Preprocessing Output Shapes:
------------------------------
X_train_processed shape: (5625, 45)
X_test_processed shape:  (1407, 45)


In [11]:
# Retrieve Feature Names
feature_names = preprocessor.get_feature_names_out()

print("Feature Names After Preprocessing:")
print("-" * 30)
print(f"Total number of features: {len(feature_names)}")
print(feature_names)


Feature Names After Preprocessing:
------------------------------
Total number of features: 45
['num__SeniorCitizen' 'num__tenure' 'num__MonthlyCharges'
 'num__TotalCharges' 'cat__gender_Female' 'cat__gender_Male'
 'cat__Partner_No' 'cat__Partner_Yes' 'cat__Dependents_No'
 'cat__Dependents_Yes' 'cat__PhoneService_No' 'cat__PhoneService_Yes'
 'cat__MultipleLines_No' 'cat__MultipleLines_No phone service'
 'cat__MultipleLines_Yes' 'cat__InternetService_DSL'
 'cat__InternetService_Fiber optic' 'cat__InternetService_No'
 'cat__OnlineSecurity_No' 'cat__OnlineSecurity_No internet service'
 'cat__OnlineSecurity_Yes' 'cat__OnlineBackup_No'
 'cat__OnlineBackup_No internet service' 'cat__OnlineBackup_Yes'
 'cat__DeviceProtection_No' 'cat__DeviceProtection_No internet service'
 'cat__DeviceProtection_Yes' 'cat__TechSupport_No'
 'cat__TechSupport_No internet service' 'cat__TechSupport_Yes'
 'cat__StreamingTV_No' 'cat__StreamingTV_No internet service'
 'cat__StreamingTV_Yes' 'cat__StreamingMovies_No

In [12]:
# Saving Preprocessed Outputs
np.save("../data/X_train_processed.npy", X_train_processed)
np.save("../data/X_test_processed.npy", X_test_processed)
np.save("../data/y_train.npy", y_train.values)
np.save("../data/y_test.npy", y_test.values)

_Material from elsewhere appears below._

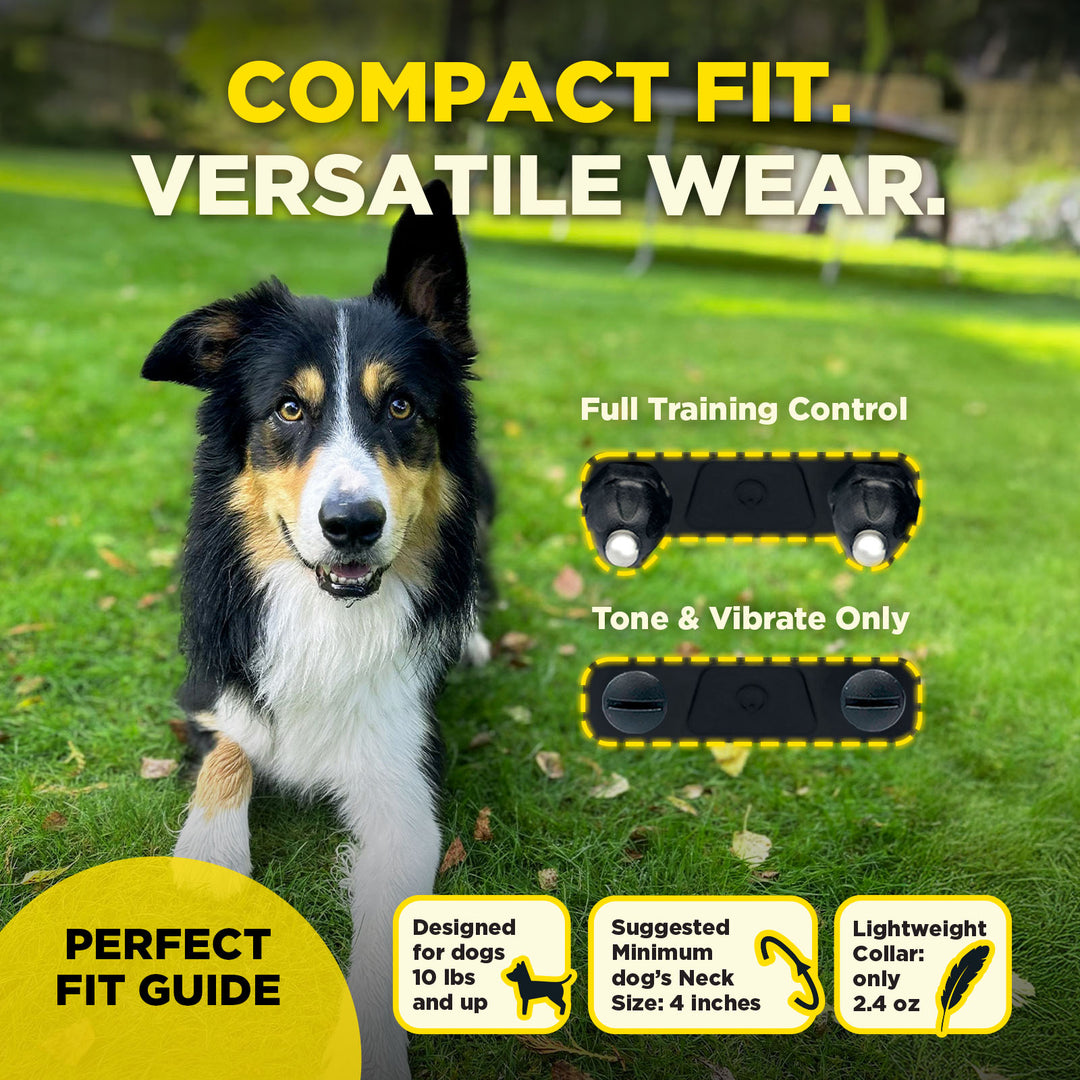 Dogtra 200IQ Training System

print("Preprocessed datasets saved successfully:")
print(" - X_train_processed.npy")
print(" - X_test_processed.npy")
print(" - y_train.npy")
print(" - y_test.npy")

Preprocessed datasets saved successfully:
 - X_train_processed.npy
 - X_test_processed.npy
 - y_train.npy
 - y_test.npy


In [13]:
np.save("../data/feature_names.npy", feature_names)
print(f"Feature names saved successfully.")

print("Preprocessed Training Data Summary:")
print(f"Number of samples: {X_train_processed.shape[0]}")
print(f"Number of features: {X_train_processed.shape[1]}")


Feature names saved successfully.
Preprocessed Training Data Summary:
Number of samples: 5625
Number of features: 45


### Preprocessing Summary

- Converted TotalCharges to numeric and removed invalid entries.
- Encoded churn as a binary target variable.
- Performed a stratified train-test split to preserve class imbalance.
- Applied feature-type-specific preprocessing using ColumnTransformer:
  - StandardScaler for numerical features
  - OneHotEncoder for categorical features
- Fitted preprocessing only on training data to prevent data leakage.